Tuesday 20th November 2018

    M&A deal activity drop in CYQ3; outlook bright with improving economic indicators

    The drop in mergers and acquisition (M&A) transactions by 54% in the third quarter of the calendar year 2017 has not dented the expectations of experts as they are confident improvement in economic indicators and application of Insolvency and Bankruptcy code would provide sufficient deal opportunities in coming quarters. Amit Khandelwal, Partner and National Leader, Transaction advisory Services of Ernst & Young said, companies adopted a wait and watch policy during the third quarter of 2017 with cumulative disclosed deal value of M&A falling to $6.2 billion from $13.7 billion in the same period last year. However, the volumes increased marginally by 8% to 252 deals against 234 deals in the year ago quarter. Read On ..

    He believes, after the slowdown in growth rates in the first two quarters of 2017, some of the high frequency economic indicators have started to show signs of revival. The data released in September shows a rise in exports and industrial output and stability in manufacturing PMI (Purchasing Managers' Index). “The market witnessed healthy activity in smaller value deals. Consequently, third quarter witnessed a fair increase in deal volume while deal value reduced compared with the same period last year,” Khandelwal said.

    In value terms, domestic deals made up for $5.2 billion with Dilip Buildcon’s road assets taken over by Shrem Infraventure for $250 million and Wilmar Sugar buying additional stakes of Shree Renuka Sugars for $126.5 million leading the inbound space. Top among outbound deals was Apeldoorn Flexible Packaging acquiring JPF Netherlands BV for $94 million.
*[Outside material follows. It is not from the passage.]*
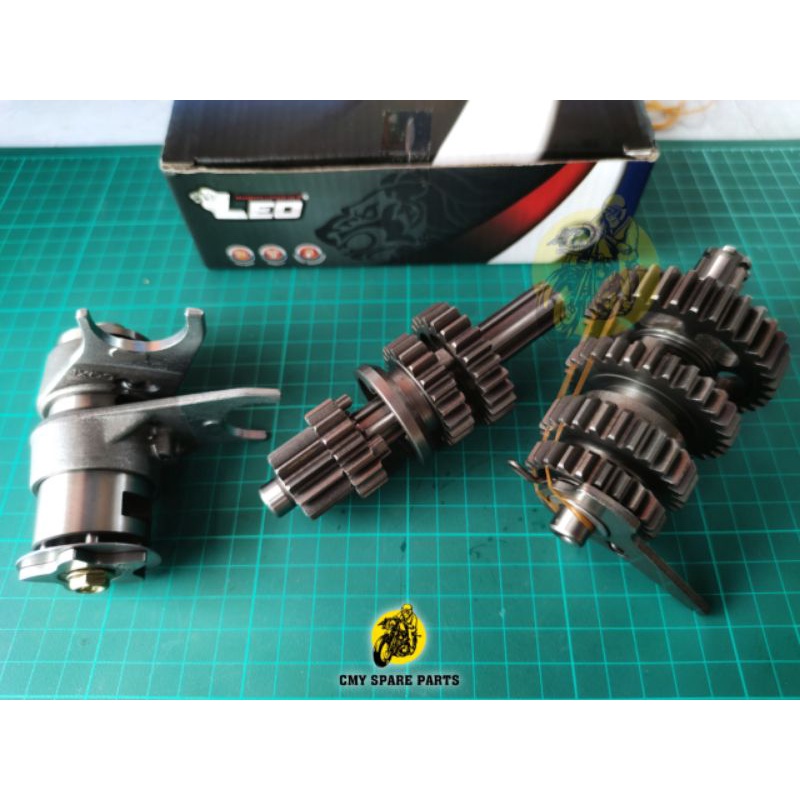 HONDA EX5 GEAR BOX PNP C70 / GBO / GBOJ FULL SET HIGH QUALITY Shopee Malaysia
    The local M&A landscape was largely characterized by small-sized deals essentially aimed to expand market share. Most of these deals were witnessed in retail and consumer products, professional services, technology and media and entertainment sectors. Online players were popular targets across these deals, reflecting the companies thrust for digital transformation.
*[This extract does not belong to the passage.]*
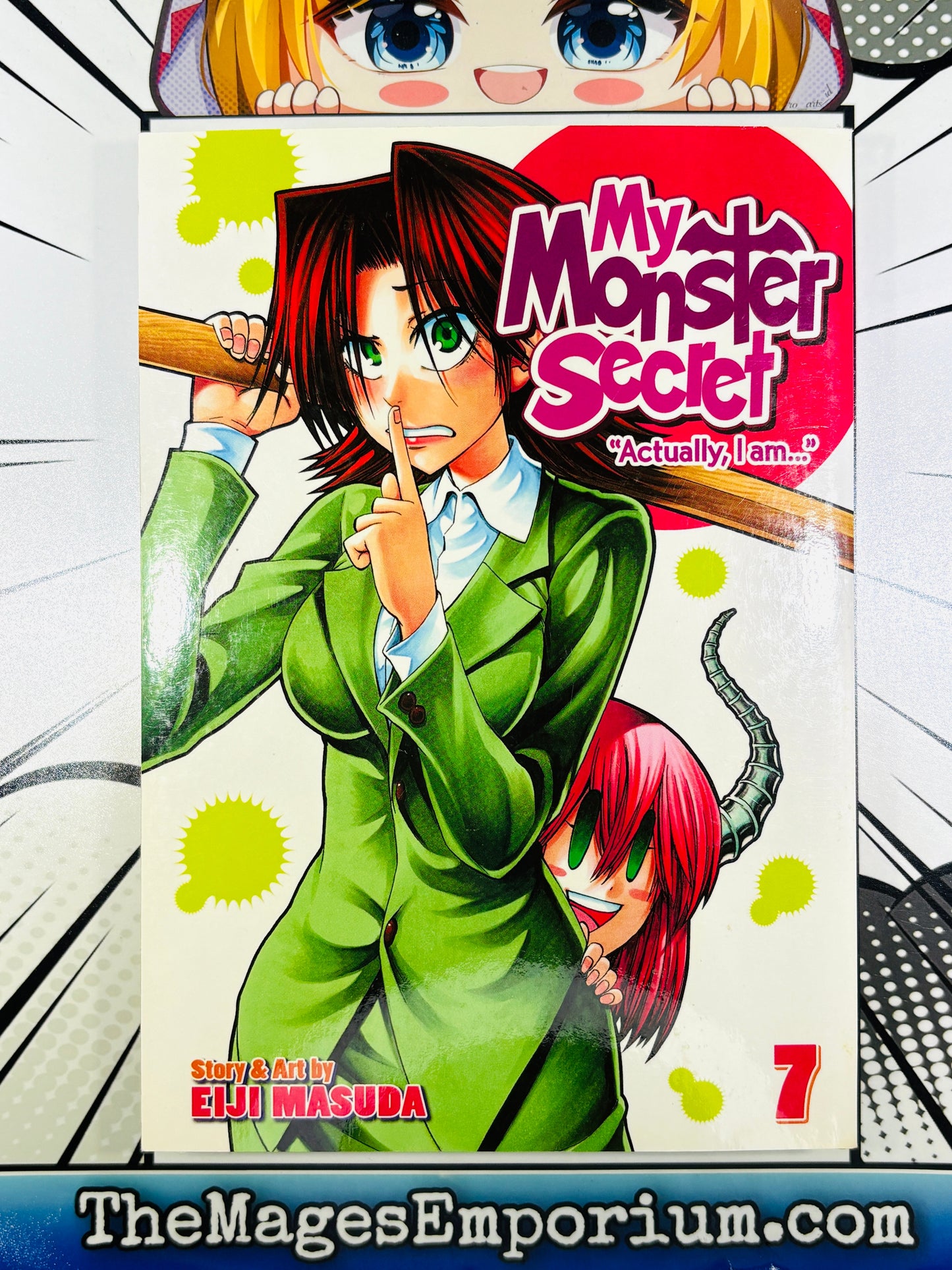 My Monster Secret Vol 7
    The cross-border deals too remained quiet for the third quarter with the total disclosed deal value recording a decline of 80.5% year-on-year, primarily led by lesser big-ticket inbound investments. From a sector perspective, technology led the activity, both in terms of value and volume with 33 deals totalling to $3.8 billion, followed by financial services, recording 32 deals with a disclosed value of $291 million.

    January-September (YTD) Performance

    Conversely, the year-to-date (January-September 2017) deal size activity presents a healthy scenario and is expected to continue the positive momentum. The January-September M&A deal value reached a record high at $33 billion compared to $27 billion in the corresponding period last year primarily led by domestic transactions, according to data from Grant Thornton India.

    Prashant Mehra, Partner at Grant Thornton India LLP said, "The activity was driven by higher consolidation witnessed in the domestic segment as home-grown companies chose the inorganic route to generate growth with around 190 deals worth $28 billion."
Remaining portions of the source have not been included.